In mathematics, the Hilbert cube is a topological space that provides an instructive example of some ideas in topology.

Topologically, the Hilbert cube may be defined as the product of countably infinitely many copies of the unit interval [0,1]. That is, it is the cube of countably infinite dimension. As a product of compact Hausdorff spaces, it is itself a compact Hausdorff space as a result of the Tychonoff theorem.

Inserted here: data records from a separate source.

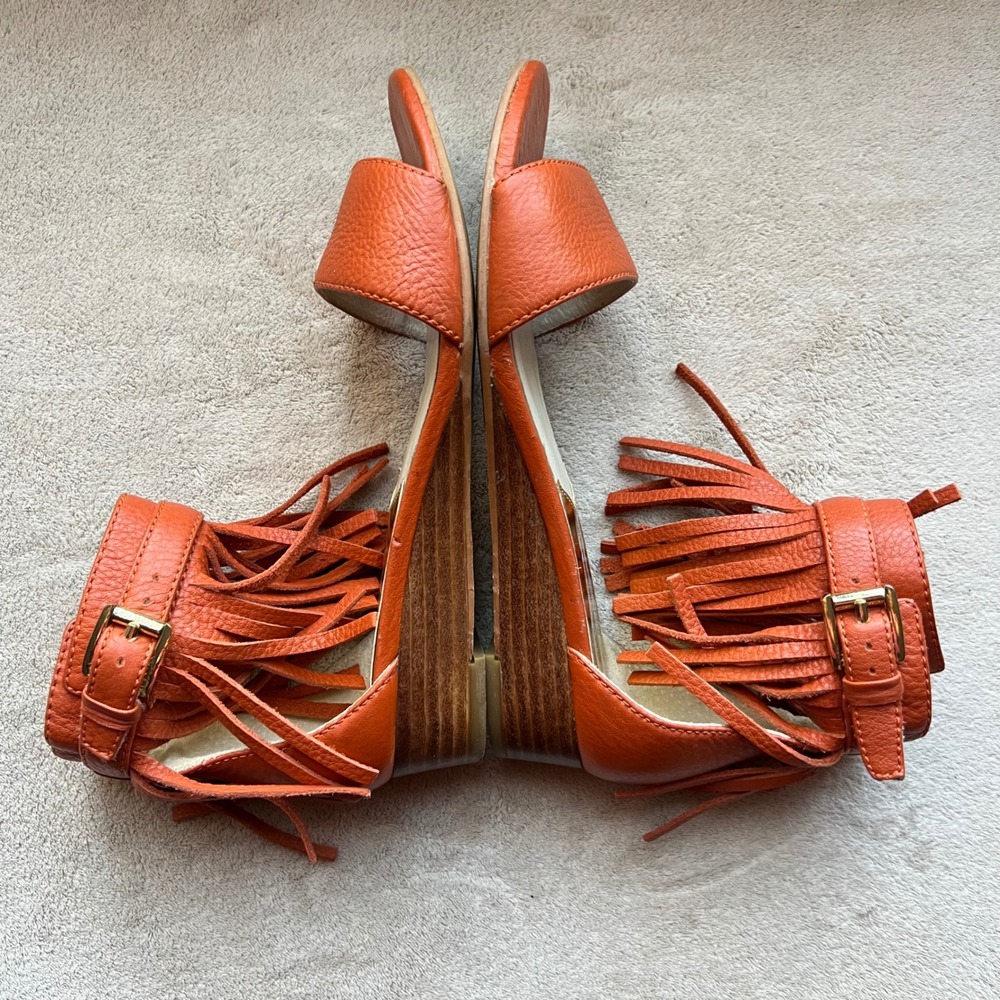 Michael Kors Women 5.5 M Orange Leather Fringe Ankle Wrap Wedge Sandals Boho - Picture 4 of 16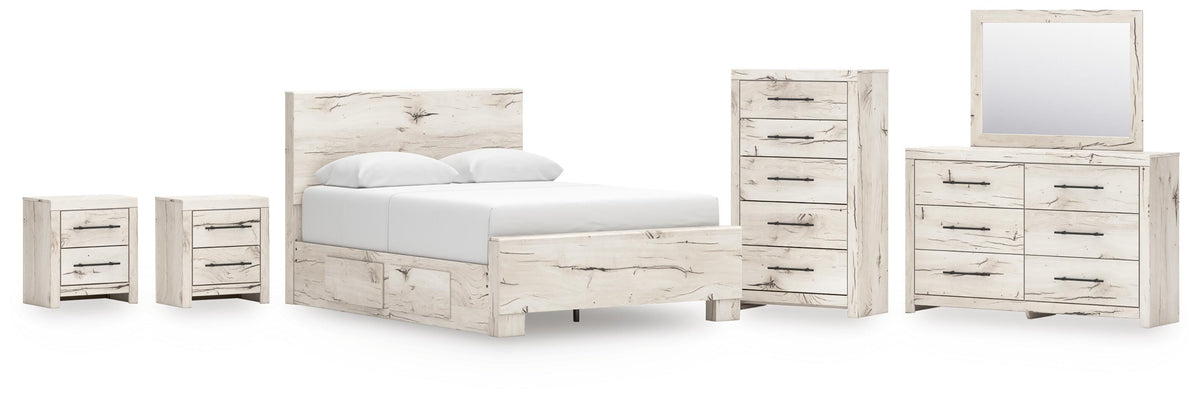 Lawroy Queen Panel Bed with Storage, Dresser, Mirror, Chest and 2 Nightstands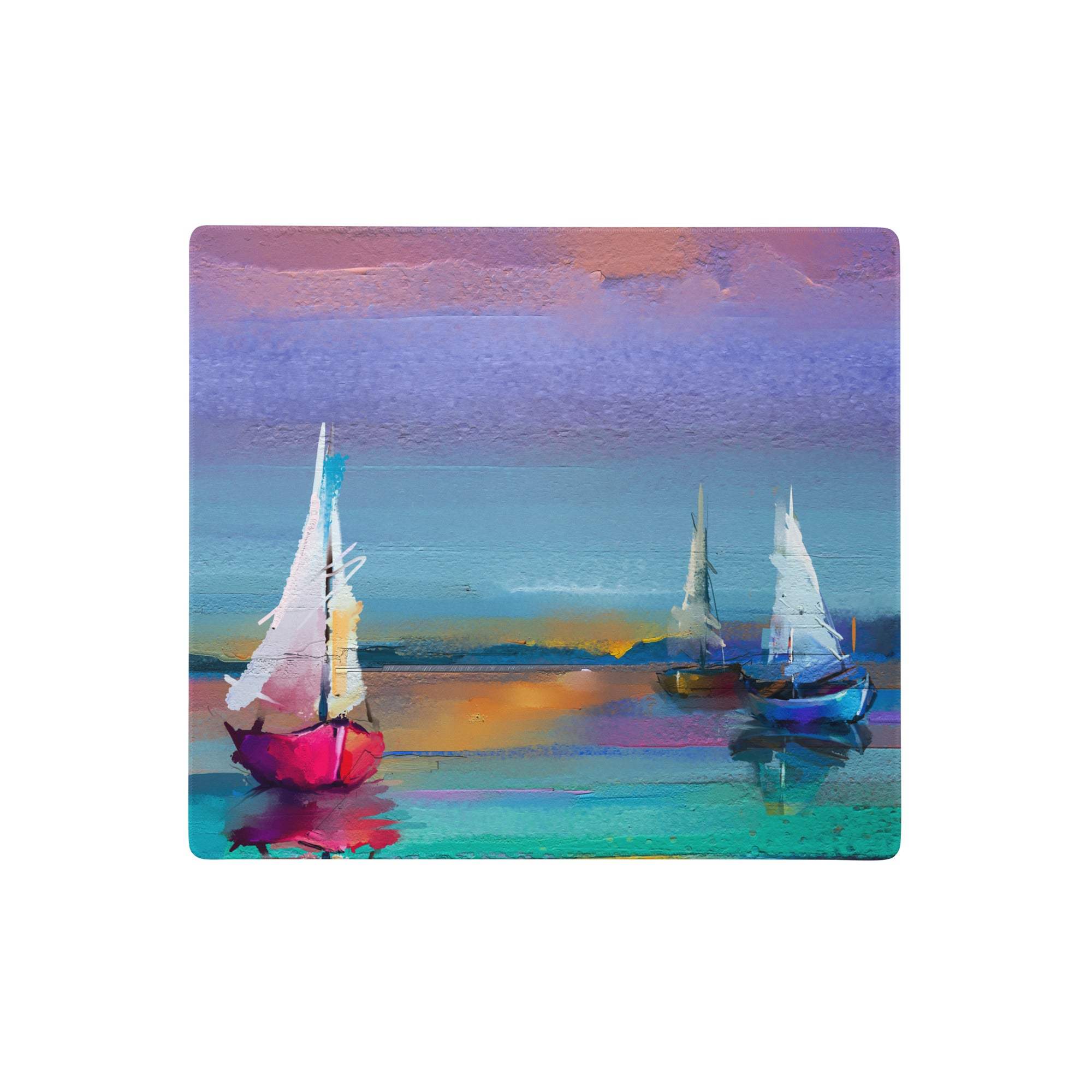 Azure sailboats abstract mouse pad with vibrant blue teal purple orange sailboats on a colorful sea under pastel sky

It's sometimes convenient to think of the Hilbert cube as a metric space, indeed as a specific subset of a Hilbert space with countably infinite dimension. For these purposes, it's best not to think of it as a product of copies of [0,1], but instead as [0,1] × [0,1/2] × [0,1/3] × ···; for topological properties, this makes no difference. That is, an element of the Hilbert cube is an infinite sequence (xn) that satisfies 0 ≤ xn ≤ 1/n. Note that any such sequence belongs to the Hilbert space l2, so the Hilbert cube inherits a metric from there.

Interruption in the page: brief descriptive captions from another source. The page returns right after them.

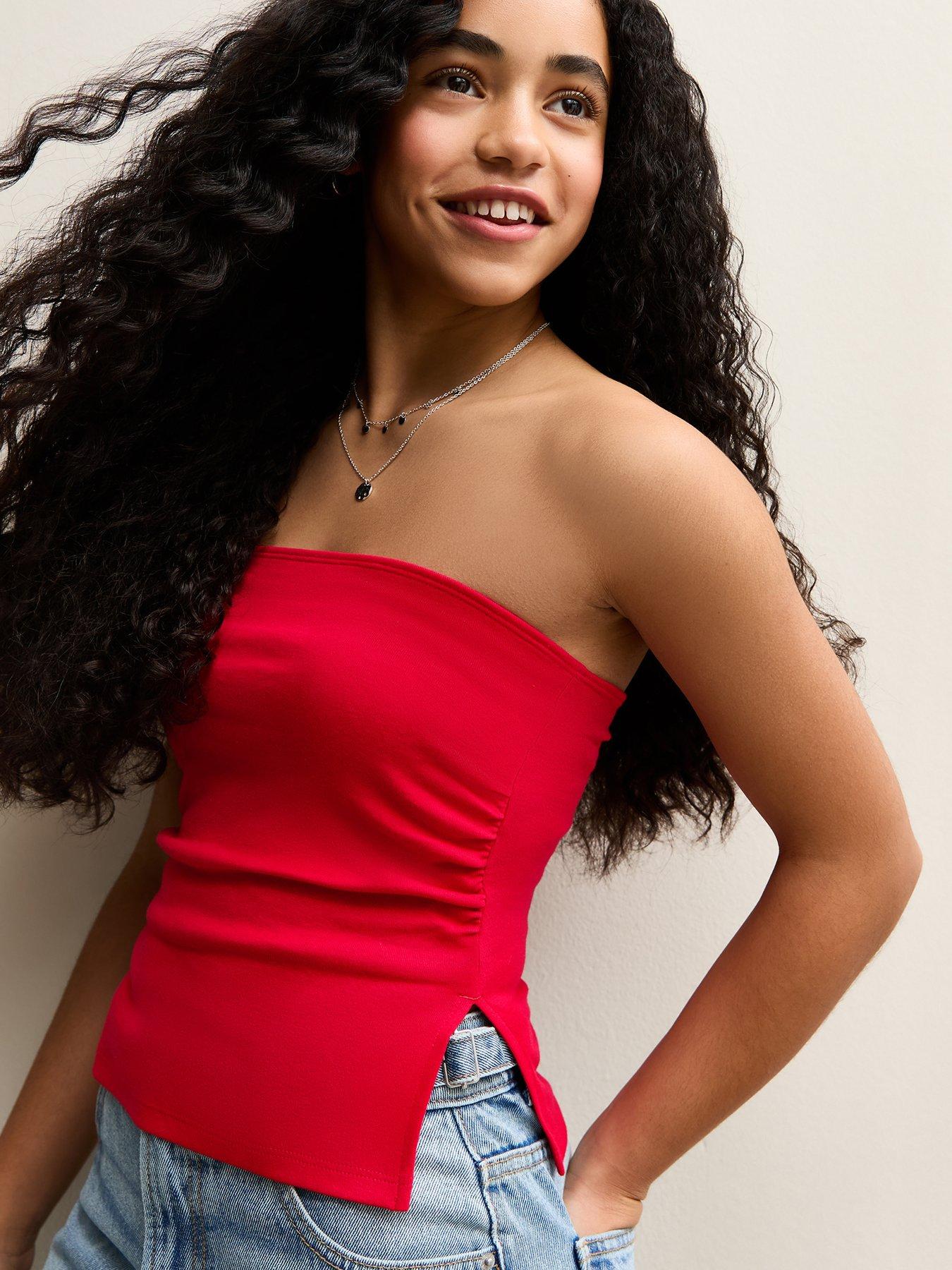 Image 4 of 5 of New Look 915 Girls Ruched Side Bandeau Top - Dark Red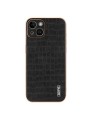 Предпазен гръб от еко кожа с крокодилски шарки за Apple iPhone 14 Plus - черен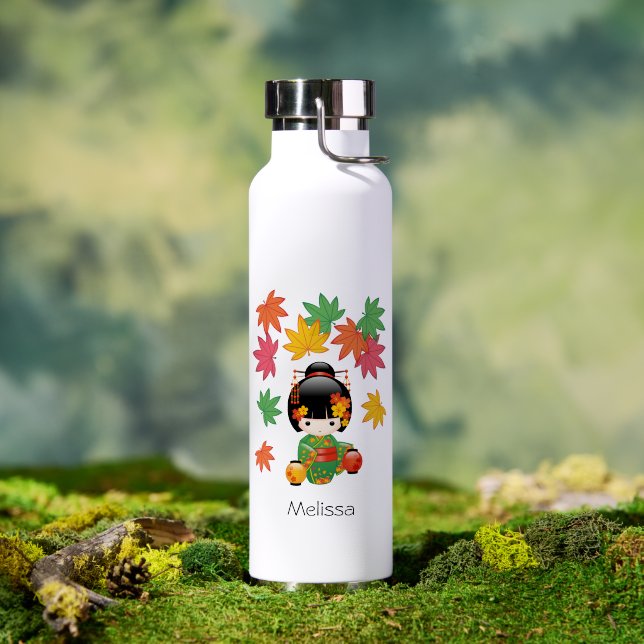 Fall Kokeshi Doll - Green Kimono Geisha Girl Water Bottle (Outdoor (Rotated))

Since l2 is not locally compact, no point has a compact neighbourhood, so one might expect that all of the compact subsets are finite-dimensional. The Hilbert cube shows that this is not the case. But the Hilbert cube fails to be a neighbourhood of any point p because its side becomes smaller and smaller in each dimension, so that an open ball around p of any fixed radius e > 0 must go outside the cube in some dimension.